Chapter 793 イエスとマリア

受動的・防御的・不随意的・凹型要素といった女性らしさが発揮される社会が二十一世紀の新しい社会になると、男と女の概念も一変します。
好いとこ取りの相対的一元論が二十世紀までの男性社会の考え方であったのに対し、二元要因を補完要因として捉える二元論の本質の考え方を透過して、二元要因を超えた有知性の絶対一元論つまり三元論の考え方の社会になるのです。
好いとこ取りの相対的一元論の考え方では、男(オス)は都合の好いもので、女(メス)は都合の好くないもの、つまり男尊女卑の考え方であったわけです。
二元論の本質が顕現している運動の光と音(喧噪)のわたしたちの宇宙では、男性(オス)は都合の好いもので、女(メス)は都合の好くないものといった考え方は通用しないのです。
男(オス)とは女性(メス)の不在概念に過ぎない。
男(オス)とは女(メス)の一形態に過ぎないだけで、男(オス)という実体はないわけです。

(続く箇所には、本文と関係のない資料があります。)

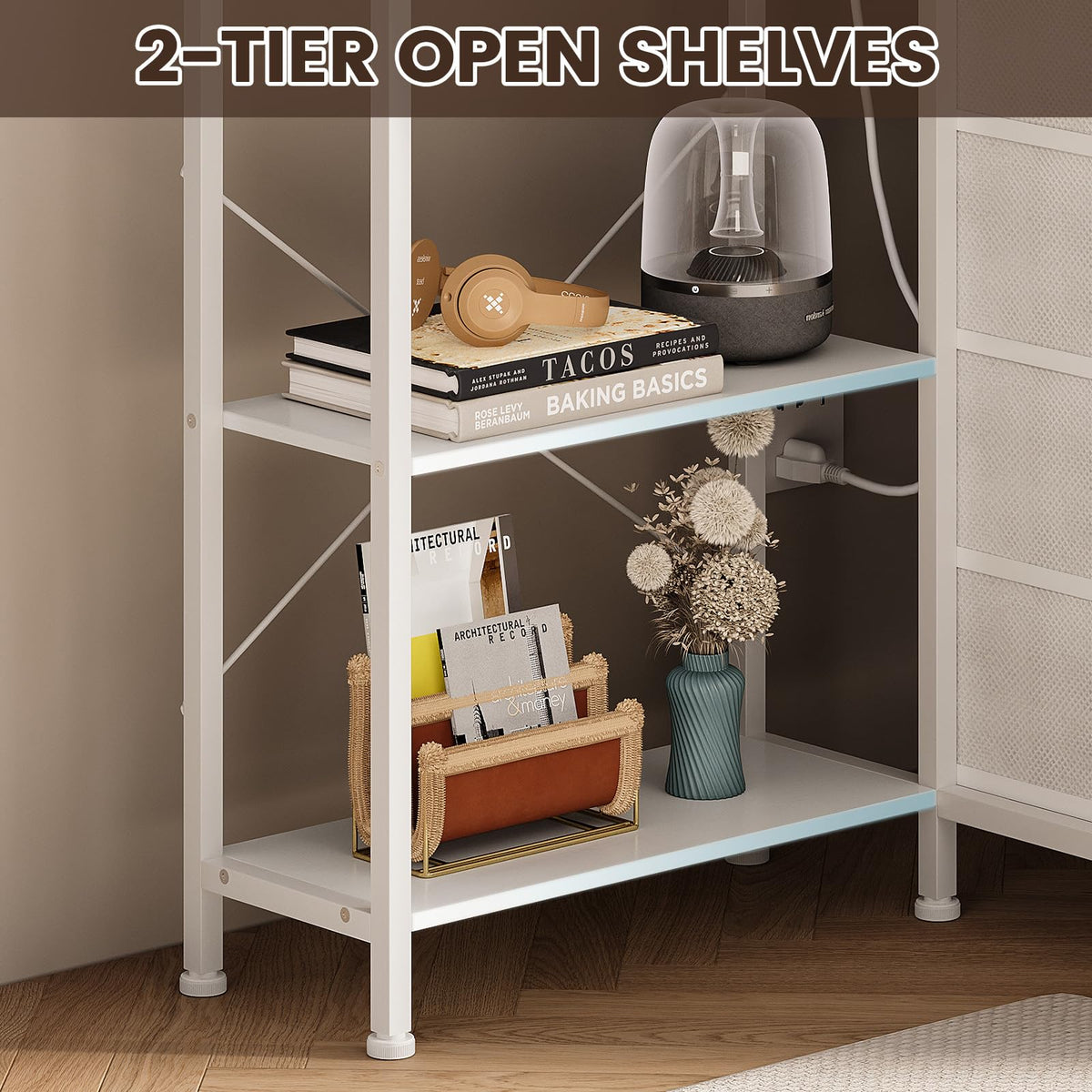 White Corner Desk with Drawers Shelves and Power Outlets Z90892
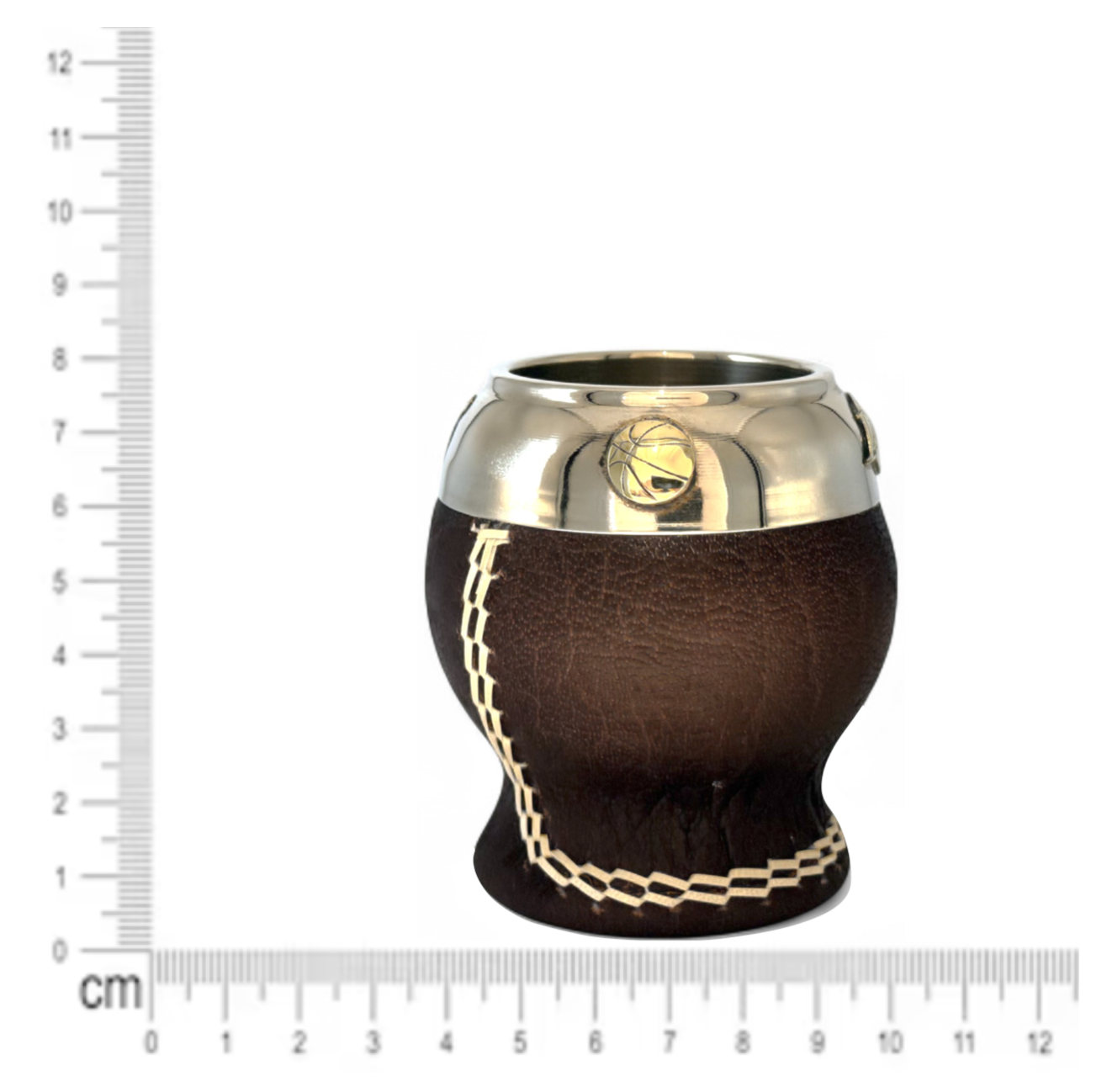 Mate Torpedo Marrone “Kobe” con Fleje decorato Alpaca | Premium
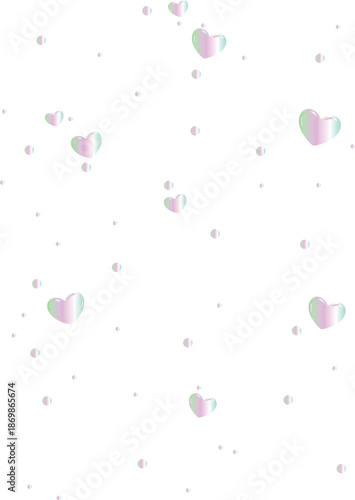 Iridescent Hearts and Dots Pattern
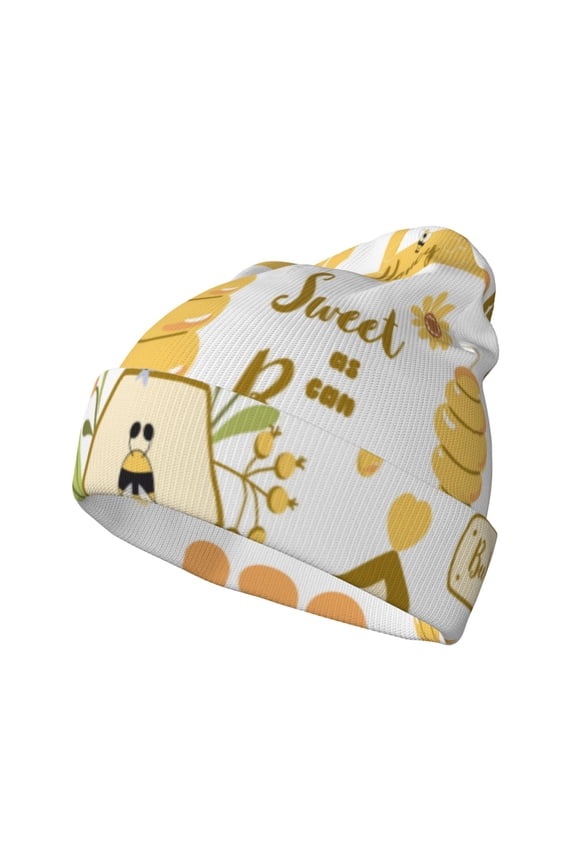 Farm Bee Cute Honey Pattern Knitted Beanie Hat for Men and Women , Unisex Winter Warm Stretchy Knit Cap Thick Fisherman Beanies Cuffed Plain Skull Caps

女(メス)から男(オス)も産まれるわけで、女(メス)の中の男(オス)か女(メス)の程度の違いだけに過ぎないのです。
女(メス)の程度を純潔度(おんならしさ)で表現しますと、純潔度(おんならしさ)の丙状態が穢れのない女(メス)の中の女(メス)つまり処女であり、純潔度(おんならしさ)の乙状態が交尾の経験のある女(メス)と男(オス)であり、純潔度(おんならしさ)の甲状態が女(メス)の中の男(オス)であり、純潔な男(オス)であります。
純潔度(おんならしさ)の丙状態である処女マリアから、純潔度(おんならしさ)の甲状態であるイエス・キリストが産まれたのが、その象徴であり、イエス・キリストを十字架に架けたのが、わたしたち一般大衆を代表する純潔度(おんならしさ)の乙状態の人間であります。
イエス・キリストの死と復活(再誕)とは、純潔度(おんならしさ)の甲状態から純潔度(おんならしさ)の丙状態への円回帰つまり誕生・生・死であることを象徴しているのです。
誕生とは純潔度(おんならしさ)の甲状態であり、生とは純潔度(おんならしさ)の乙状態のことであり、死を純潔度(おんならしさ)の丙状態だとも言えます。
好いとこ取りの相対的一元論の考え方が錯覚であると主張する所以であります。
錯覚の生き方から自覚の生き方への変貌が、究極的には三元論の考え方の社会を実現することになるのです。
男(オス)とは女(メス)の不在概念と申しました。
不在概念とは一つの状態に停滞している、つまり静止している状態を示すわけで、運動の光と音(喧噪)の宇宙では不可能な考え方なのです。
だから不在(概念)であるわけです。
不在(概念)とは、実在の一要素−全体観に対する部分観、在り方に対する考え方−に過ぎないのであります。
男(オス)とは女(メス)の一形態-純潔度(おんならしさ)の甲状態-に過ぎないのであります。
科学と哲学・宗教が統合する二十一世紀の新しい社会が、男性社会ではなく、女性社会になる根拠であります。
その為には、わたしたち知性ある人間は、純潔度(おんならしさ)の甲・乙・丙状態の何れかに在ることを自覚することが必要になります。
男尊女卑と表裏一体の関係にある男女同権を追い求めることは、錯覚の人生を送ることに外ならないのです。
受動的・防御的・不随意的・凹型要素といった女性らしさが発揮される社会にすることが大切です。